Robust Data Gives Us The Roadmap to Reform
Robust Data Gives Us The Roadmap to Reform
Secretary Arne Duncan Addresses the Fourth Annual IES Research Conference
Good morning, and thank you, Stuart (Kerachsky of the Institute of Education Sciences [IES]), so much for that nice introduction.
I also want to say thank you to Sue Betka for her leadership at IES as well as to the entire career staff. Sue has been so helpful during this transition. I know that she'll continue to be a great, great resource for our new director, and let's give John Easton a big round of applause. Let's hear it for John.
As everyone knows, John Easton is a colleague for whom I have tremendous respect. I feel so fortunate that we're going to be able to continue to work together. The Chicago Consortium on School Research enjoys an independent relationship with the Chicago Public Schools similar to that of IES with the Department of Education.
John always told us the cold, hard truth without regard to ideology or politics.
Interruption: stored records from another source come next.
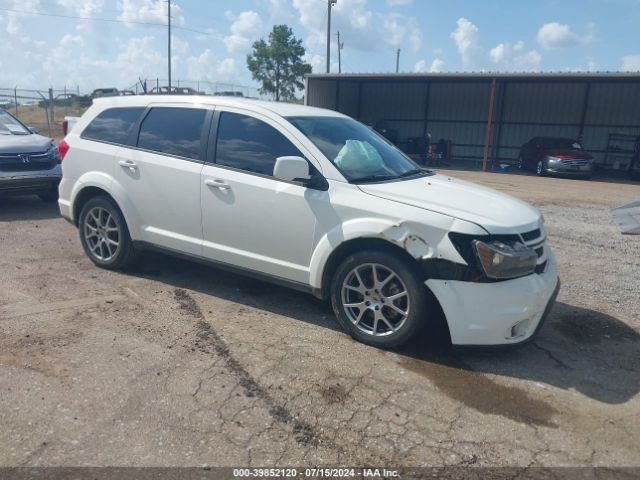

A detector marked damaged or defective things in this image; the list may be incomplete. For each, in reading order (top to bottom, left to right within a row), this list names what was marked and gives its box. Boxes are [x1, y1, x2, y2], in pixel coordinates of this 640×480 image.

cracked asphalt [0, 171, 636, 466]
crumpled front bumper [424, 249, 560, 346]
cracked headlight [472, 242, 536, 280]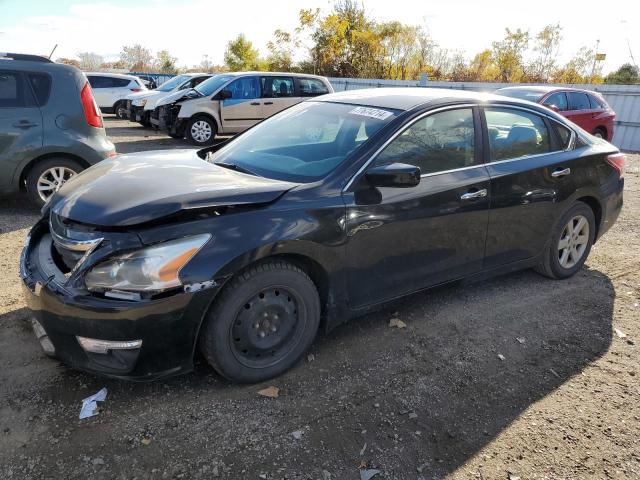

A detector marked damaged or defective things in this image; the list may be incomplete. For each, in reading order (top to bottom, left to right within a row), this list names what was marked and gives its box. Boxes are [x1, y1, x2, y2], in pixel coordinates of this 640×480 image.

damaged front bumper [20, 221, 221, 382]
cracked headlight [83, 233, 210, 290]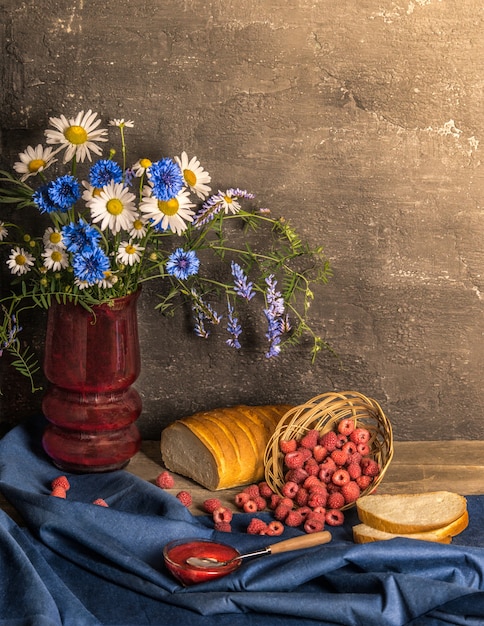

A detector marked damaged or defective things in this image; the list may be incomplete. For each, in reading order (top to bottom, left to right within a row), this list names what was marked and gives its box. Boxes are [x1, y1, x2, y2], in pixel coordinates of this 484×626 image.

cracked wall surface [0, 0, 484, 438]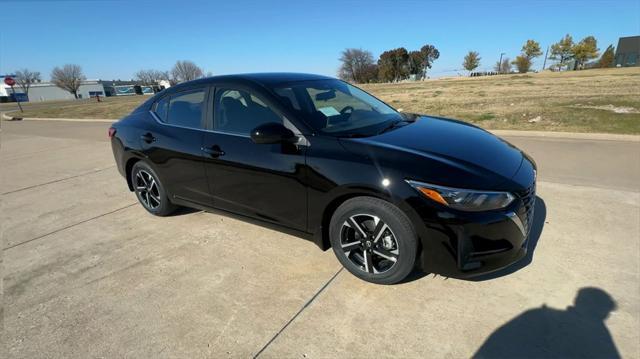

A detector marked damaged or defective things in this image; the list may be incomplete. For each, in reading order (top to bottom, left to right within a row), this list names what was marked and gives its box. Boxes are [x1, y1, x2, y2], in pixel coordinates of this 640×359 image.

pavement crack [1, 167, 115, 197]
pavement crack [3, 204, 136, 252]
pavement crack [254, 268, 344, 358]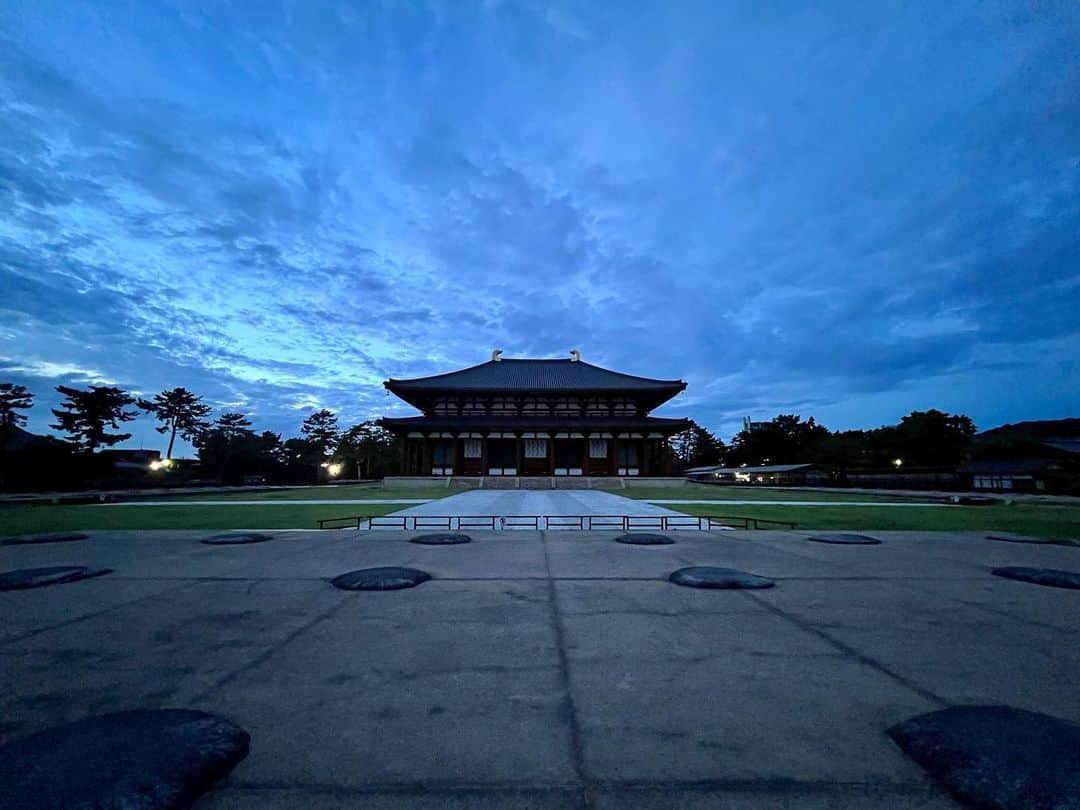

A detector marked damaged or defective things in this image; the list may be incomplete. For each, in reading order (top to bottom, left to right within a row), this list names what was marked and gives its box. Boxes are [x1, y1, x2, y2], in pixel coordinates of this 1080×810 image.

pavement crack line [537, 529, 591, 807]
And so many of our most important reforms in Chicago were a direct result of work and data produced by the Consortium—the idea of ending social promotions, keeping our freshmen on track and trying to dramatically raise graduation rates, tracking college enrollment, developing growth models and thinking very differently about how we turn around underperforming schools.
The common denominator for all of these policy decisions was that they were informed by data. I am a deep believer in the power of data to drive our decisions. Data gives us the roadmap to reform. It tells us where we are, where we need to go, and who is most at risk.
There's a lot I don't like about No Child Left Behind (NCLB) , but I will always give it credit for exposing our nation's dreadful achievement gaps. It changed American education forever and forced us to take responsibility for every single child, regardless of race, background, or ability. And this is just one example of how data affects policy and there are many, many more.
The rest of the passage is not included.